Wywiad pochodzi z miesięcznika „Zwierciadło” 6/2025.
Remigiusz Grzela: Wygrała pani jedną z najbardziej drastycznych spraw w swojej praktyce. Doprowadziła do skazania na rok bezwzględnego więzienia dwóch mężczyzn, którzy nad Jeziorem Tonowskim metalowymi rurami strącili z drzew około 110 gniazd kormoranów, w których znajdowało się łącznie kilkadziesiąt jaj oraz około 250-300 piskląt, pozbawiając pisklęta możliwości dokarmiania przez rodziców, a część po zrzuceniu zadeptali. To surowy wyrok?

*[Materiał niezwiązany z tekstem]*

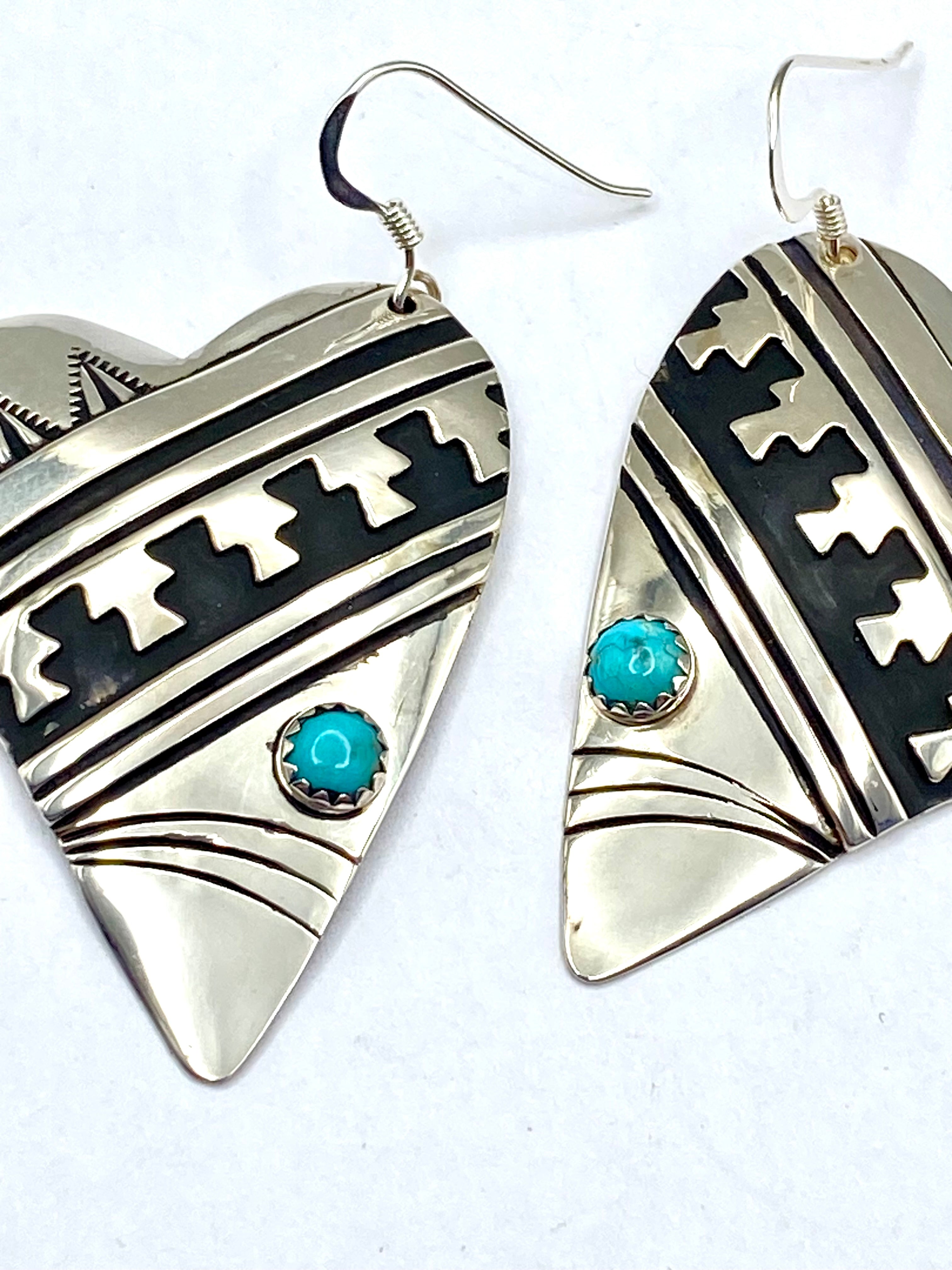 Sterling Overlay Heart Shaped Earrings Snake Eye Turquoise T&R Singer Navajo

Karolina Kuszlewicz: Na tle polskiego standardu wyjątkowy. 80 proc. spraw jest umarzanych przez prokuratury, czyli w ogóle nie trafia do sądu. Do tego przemoc, która jest z gruntu zalegalizowana, dotycząca np. wykorzystywania zwierząt w hodowlach, gdzie dzieje się analogiczna krzywda, bo prawo pozwala mielić żywe pisklęta. Większość spraw dotyczących zwierząt kończy się wyrokami w zawieszeniu. W masie krzywdy ta sprawa jest kroplą, a rok bezwzględnego pozbawienia wolności symbolem. Występuję w nietypowej roli, ponieważ jesteśmy kształceni na klasycznych obrońców i w myśl tej nauki stajemy po stronie oskarżonego, broniąc go.
A pani staje po stronie prokuratora?
Tak, po stronie oskarżyciela publicznego. Akurat w tej sprawie prokuratura działała bardzo dobrze, ale w 99 proc. nawet nie przychodzi na sprawę, więc zwierzęta nie mają żadnej reprezentacji gwarantowanej przez państwo. Jestem obsesyjnie skoncentrowana na celu. W sali sądowej bronię zwierząt bezkompromisowo, nie szczędząc przeciwników procesowych. Jestem jak mój niebieskooki pies, który zawsze uparcie idzie jedną ścieżką, do przodu. Akta, z którymi mam do czynienia, są pełne krzywd: połamane kości, poparzone ciało, poodcinane kończyny. Tak, pracuję w wydziale zabójstw, choć w kontekście zwierząt prawo nie nazywa tego zabójstwem. Nie musimy wyobrażać sobie piekła, wystarczy opisać to, co człowiek jest w stanie robić zwierzętom.
Przeciwko jakim ludziom pani występuje?
To najczęściej nie są degeneraci, patologiczni zbrodniarze. Mają przeciętne życie. Na początku w sali sądowej pokazują władzę, wkodowane kulturowo przekonanie, że im wolno skrzywdzić zwierzęta, bo są ludźmi. Demonstrują lekceważenie, uznając, że z tej sprawy nic nie będzie, nawet jeśli jest w sądzie.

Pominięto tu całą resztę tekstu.